◆ **Work instructions**: Within the records below, find the line with "High angle view of guitar on table" and the line with "education, school and", then reproduce exactly those two lines and all lines between them, without any picture.

_ _ _ _ _

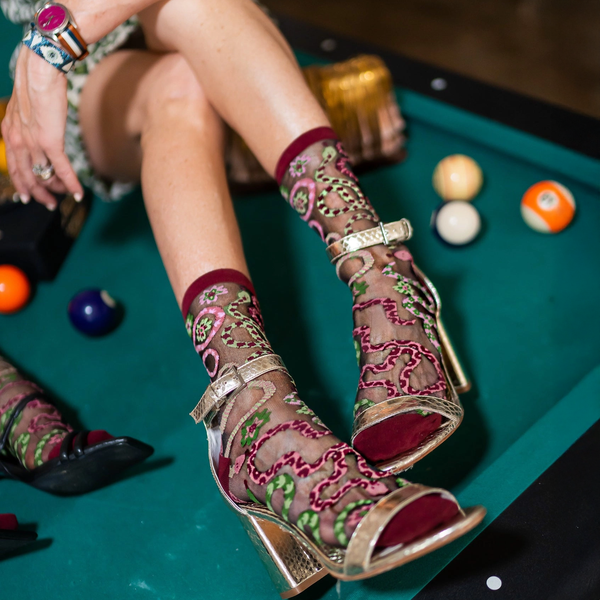[lf] Legs resting on a green pool table wearing sheer snake pattern socks and metallic gold strappy heels next to billiard balls.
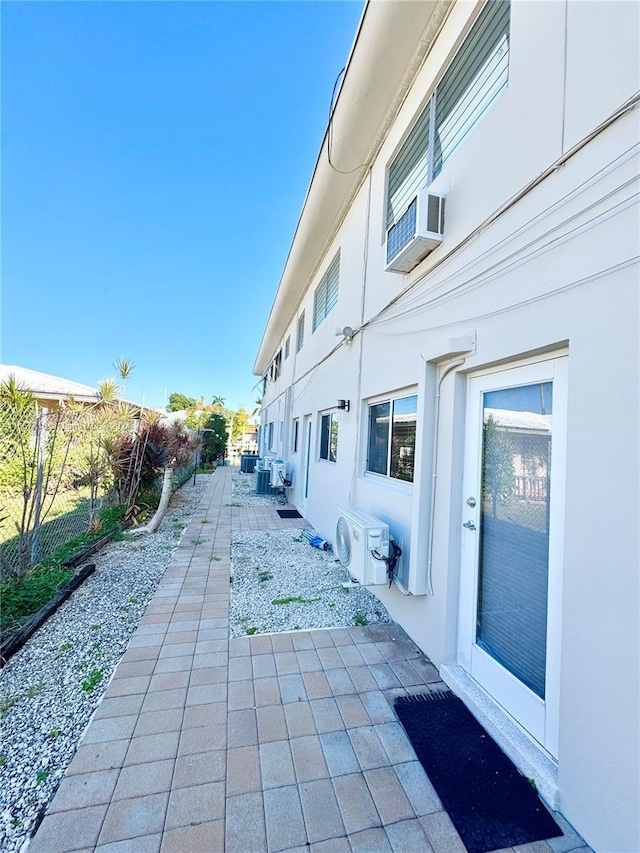 view of side of home featuring ac unit and a patio area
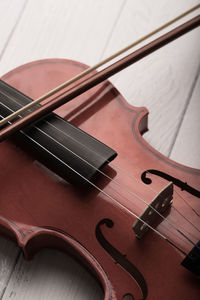 High angle view of guitar on table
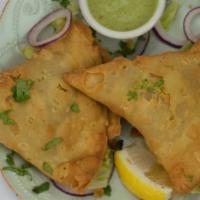  Vegetable Samosa (two pieces) · Seasoned potatoes, green peas and house spices wrapped in a light deep-fried pastry dough.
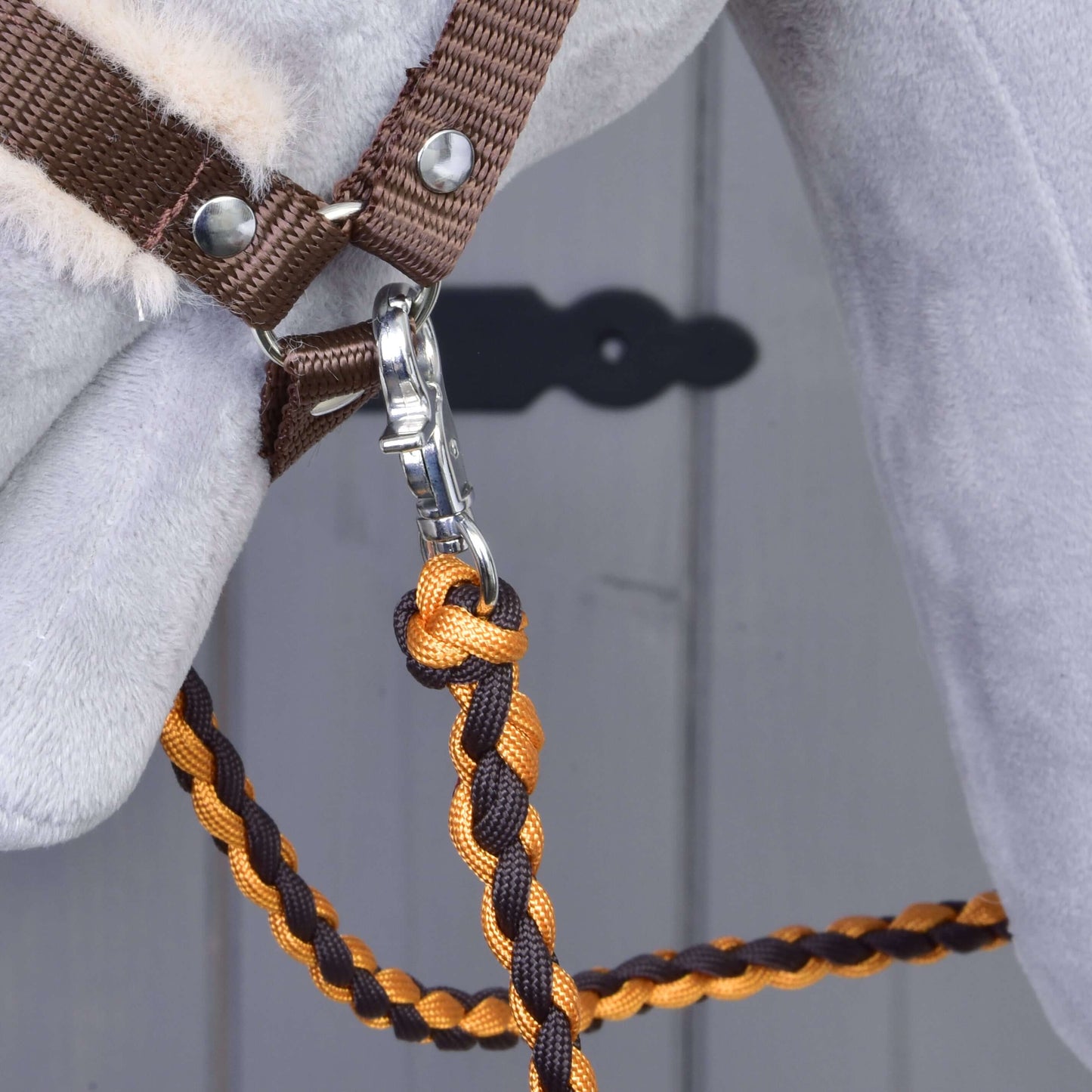 Gros plan sur une tête de cheval portant l’Ensemble Combinaison Parfaite Marron de Hobby Horse LarDen, avec un licol rembourré de fourrure et une longe tressée orange-marron avec mousqueton argenté. Porte grise floue avec plaque de serrure noire en arrière-plan, idéal pour les fans de Hobby Horse.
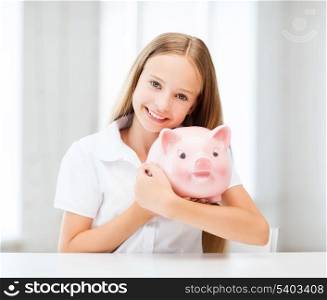 education, school and money saving concept - child with piggy bank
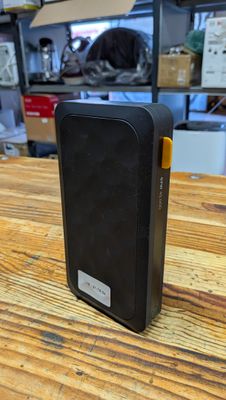 un petit appareil noir posé sur une table en bois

_ _ _ _ _

◆ **Result of the exercise**:
 High angle view of guitar on table
  Vegetable Samosa (two pieces) · Seasoned potatoes, green peas and house spices wrapped in a light deep-fried pastry dough.
 Gros plan sur une tête de cheval portant l’Ensemble Combinaison Parfaite Marron de Hobby Horse LarDen, avec un licol rembourré de fourrure et une longe tressée orange-marron avec mousqueton argenté. Porte grise floue avec plaque de serrure noire en arrière-plan, idéal pour les fans de Hobby Horse.
 education, school and money saving concept - child with piggy bank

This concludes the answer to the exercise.